People in general I think are interested individuals dilemmas whether it is addiction to food, alcohol, sex, drugs, and cigarettes. So essentially I wish that if indeed Google representatives read the content of this blog that take notice of what I have said and vary the ads on here so as to possibly only include one area that includes remedies for not smoking and other content that may appeal to a broader audience.

On to the main topic of this blog which is about not smoking. My neighbor of whom is a friend of mine and fellow smoker yesterday has taken the plunge into the non-smoking world. He seems to be quite sick. I can't be sure if it is directly related to his smoking or a something else or as I suspect a combination of all the prior. I will continue to encourage him though. Pretty much since I stopped he has said that he would also and as of Christmas that was his last day.

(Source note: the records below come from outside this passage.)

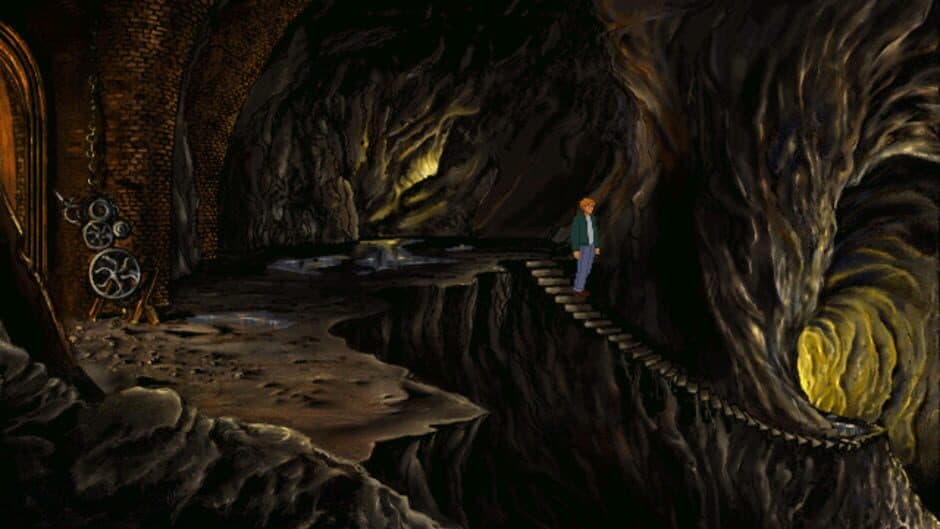 Circle of Blood screenshot 6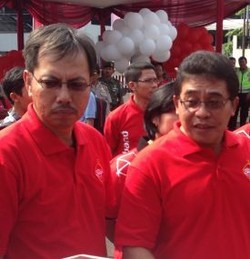 Migrasi 3G Axis Bermasalah, Telkomsel Santai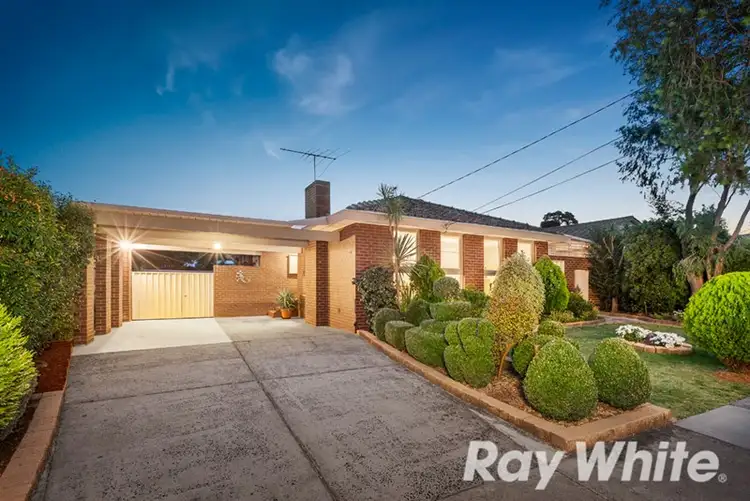 26 Mullens Road, Vermont South VIC 3133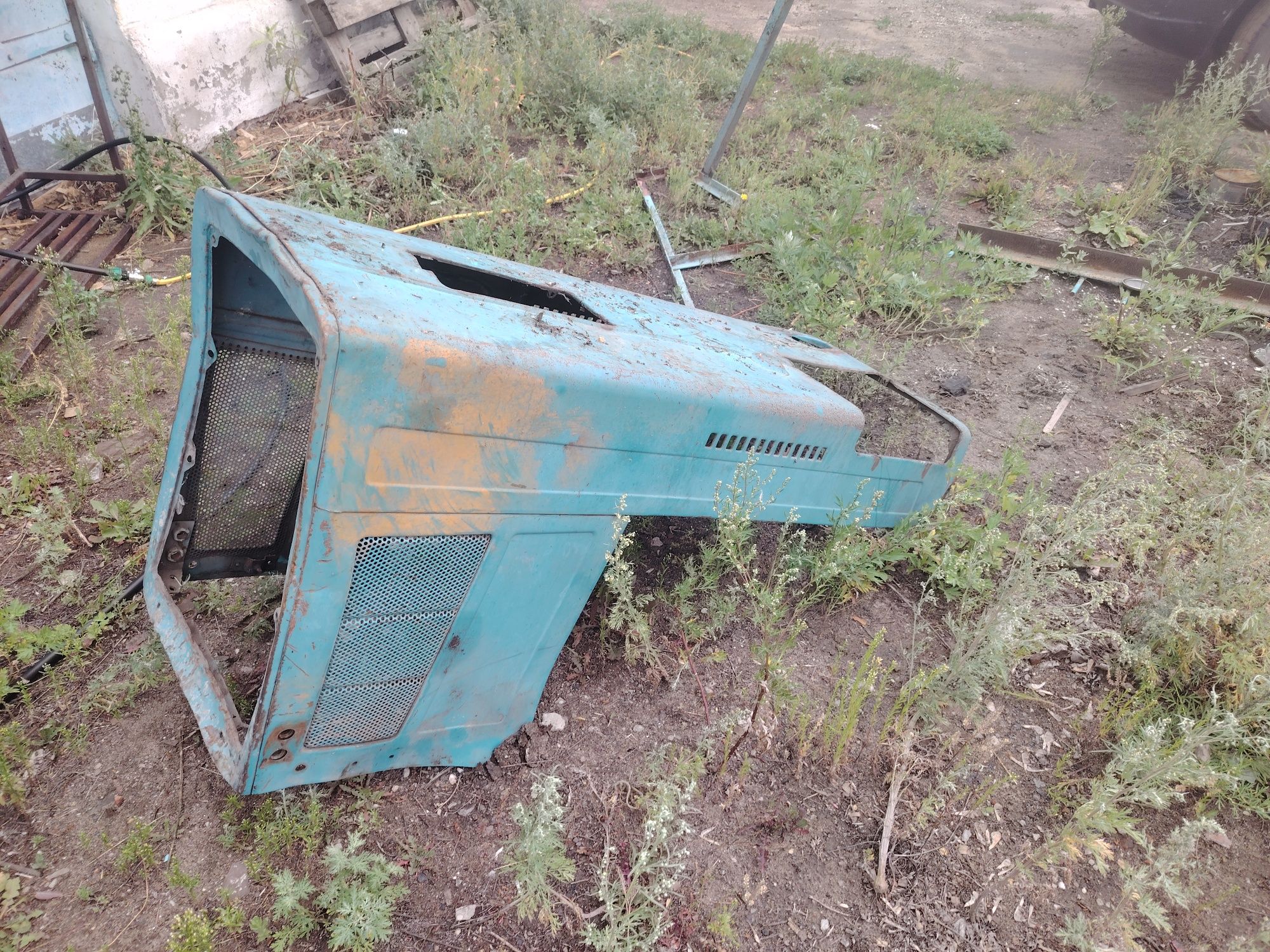 Продам компот на мтз 80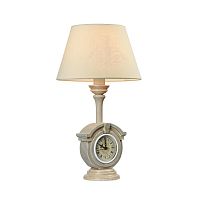 настольная лампа maytoni milea arm132-tl-01-gr в Костроме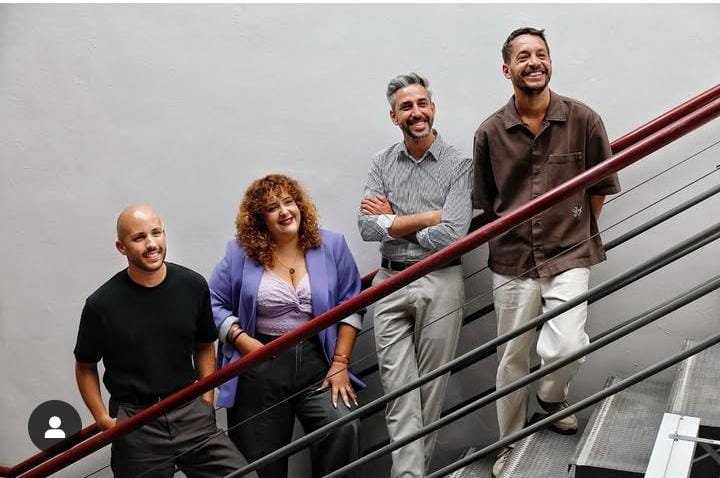 Daniel Pages será el director de la gala de la Reina, Paula Álvarez la directora de las galas de la Reina de los Mayores e Infantil, y Yeray Piñero director de los concursos del Carnaval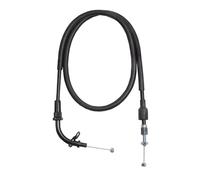 MOTOMASTER Cable de control de motocicleta compatible con Suzuki GSF 400 BANDIT (1991-1995)/58300-10D20
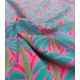 Tissu viscose - Palmito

He is expecting his girlfriend to quit also. I let him know that is her business. We all know that we can't wait for others to do what we should be doing for ourselves.

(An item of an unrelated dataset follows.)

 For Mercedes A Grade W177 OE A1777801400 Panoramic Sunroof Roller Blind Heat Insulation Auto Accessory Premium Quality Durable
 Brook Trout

Seeing him so sick and just the fact that he has stopped helps me to try to not entertain and thoughts of a cigarette. I know that I will be off and smoking and making myself sick again. Whatever helps has got to my motto. Peace all and Happy New Year!

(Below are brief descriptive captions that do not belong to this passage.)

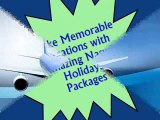 Make Memorable Vacations with Amazing Naswiz Holidays Packages – Latest Reviews and Complaints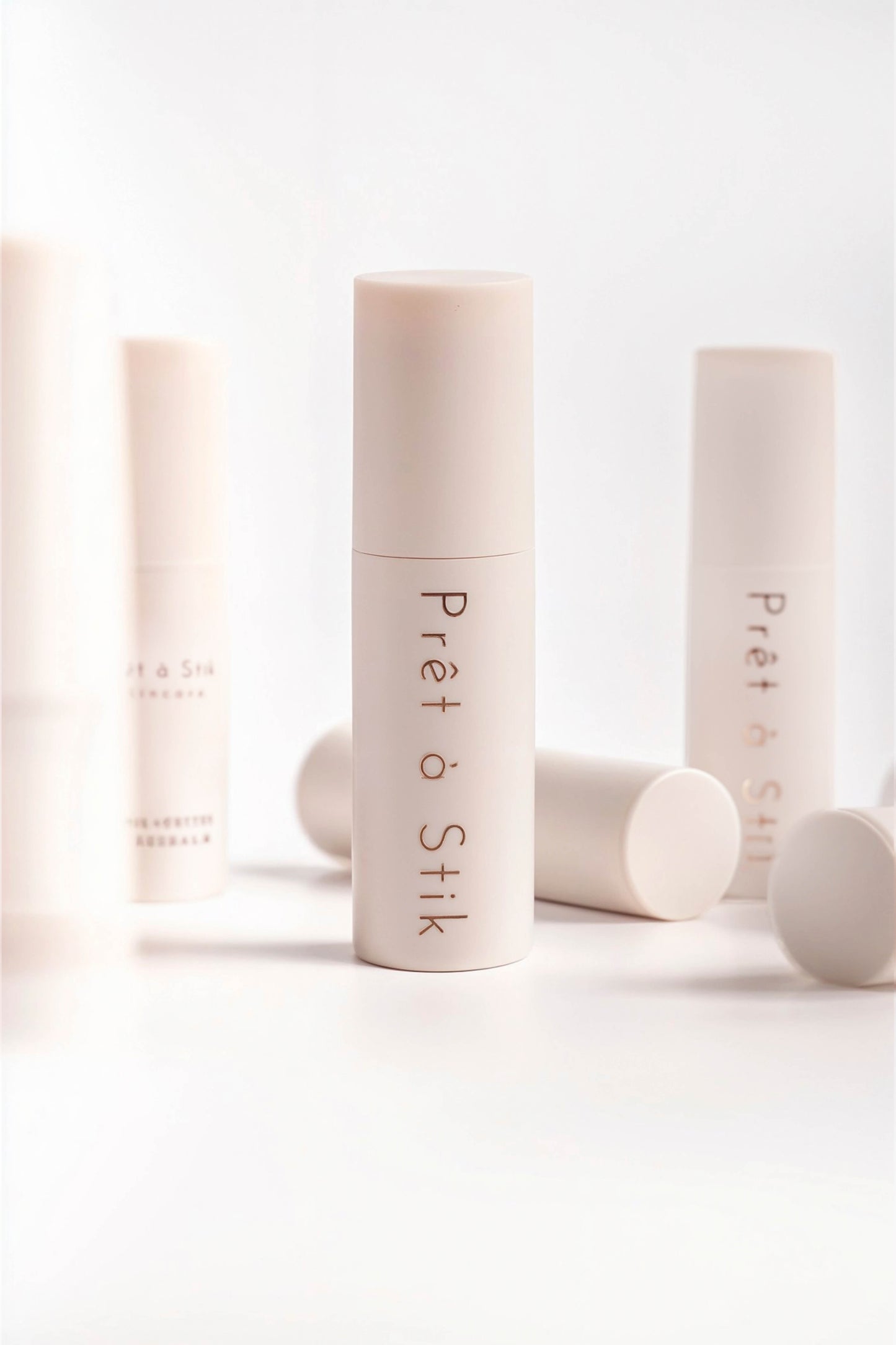 The Glow+Getter Multibalm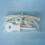 Cute Stroller Hanging Plastic Accessories Educational Toys Music Box Holder 4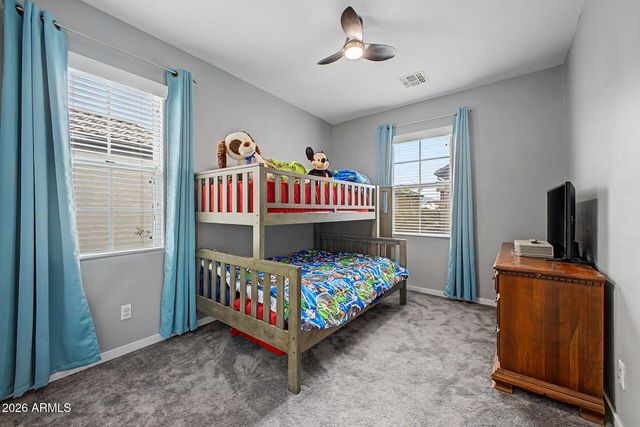 2623 S TOBIN --, Mesa, AZ 85209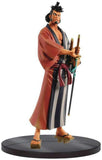 One Piece Grandline Men Wanokuni Kin'emon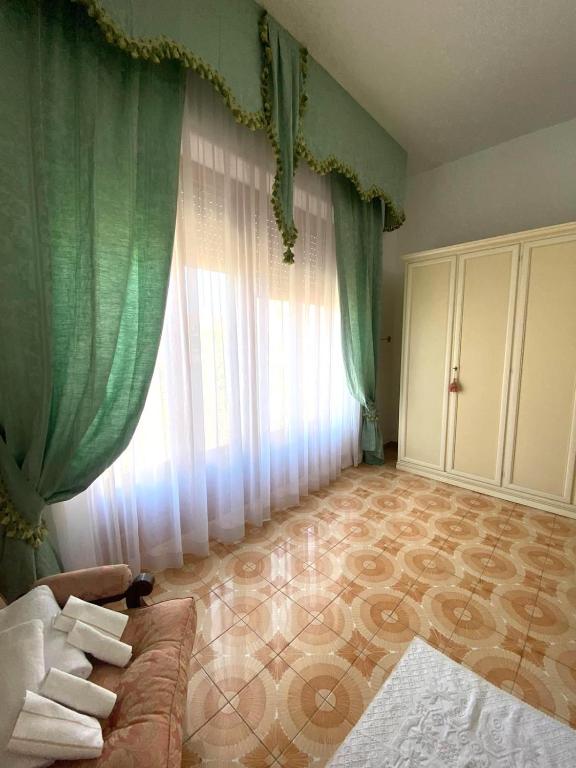 Letto o letti in una camera di Le Fresie B&B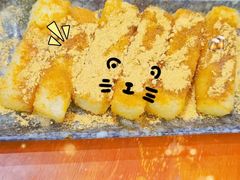 红糖糍粑-付小姐在成都(中山公园店)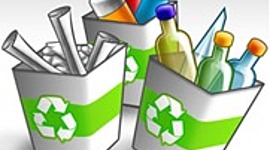 Timeline: Historia del Reciclaje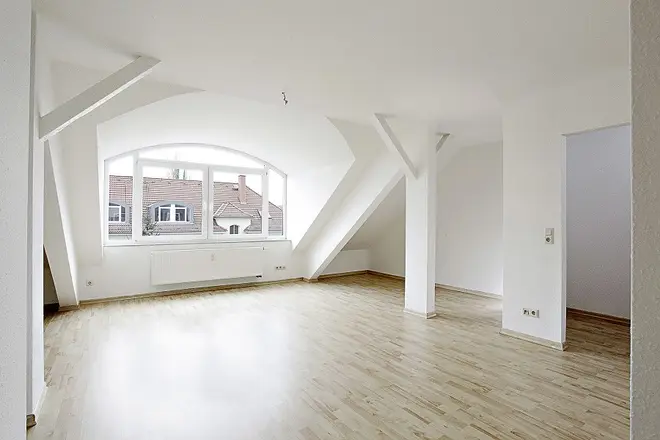 2 Zimmer Wohnung mit 68 m² in Dresden – Bild 2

Saturday, December 19, 2009

My Weekly posting

Did not want to forget about posting on the blog this week. Still not smoking. Thank God! My mind kind of reeled backwards and I gave some deep thoughts about having a cigarette. I did not have any of course and was too lazy to ask for one. I also realized that I have a little bit of time behind me without smoking and I don't want to give that up and "be for not".


As I think out the process of having a cigarette I am re calling that there is a lot of effort that goes into to smoking a cigarette. Especially now days. One is definitely ostracized by having to stand out in front of a place of business and or retreat back to their vehicle. Although even people that smoke, will not smoke in their vehicle. I know that I always opened the window. I would end up with some kind of ear blockage from the air blowing around inside the vehicle, while driving. Ahh the little reminders of the hassles is another good deterrent. Peace!!

Friday, December 11, 2009

Winter Smoking

Living in the midwest and being a smoker is a tough go. I see the folks where I work at having to dress to the hilt before they head outside to smoke. With the weather being so cold lately it makes it doubly tough to do this. A few years ago that was I. This time last year I was not working, but still smoking and had to endure this weather while trying to get some smoke in me. Wow what a hassle!


I am grateful that is not I this year. Looking back it seems like a prime way to get a cold. Of course it is sure hard to enjoy anything when one is cold. Breathing in the cold air and the smoke probably makes the health consequences that much worse. As I have said before "but for the grace of God there go I". Blogging this evening reminds me to not take newly found freedom from cigarettes for granted. Peace!

    

Sunday, December 6, 2009

5 months

For lack of a better title I used the words “5 months”. It has been 5 months since I last smoked. I feel good about that. Today being a Saturday and somewhat of a lazier day, I had the urge to smoke, but did not give in. This too shall pass! I do know that a part of me will probably always want to smoke. Hopefully I will always think it out before I go puffing on a cigarette. I think when the urge comes on strongest is when I am spending time with people that I used to smoke with as I did today.


As I am writing this I am thinking of the damage that my friend is doing to himself through his insistence on not quitting cigarettes. I know that his doctor has told him to quit and he has access to be able to get a prescription for Chantix, which I think, is the best way to quit. However but for the grace of god there go I. So in essence I need consider myself lucky that I have quit for a while and that I have this tool called blogging. I probably won't be around smokers for a while now so I should be able to more at ease about continuing to not smoke.

I now understand why reformed smokers such as myself are sometimes very reluctant to spend anytime around a smoker. It is just to easy to say "let me borrow a cigarette". However that is an odd thing to say. What are you going to do, give the butt back to them? Well anyways peace.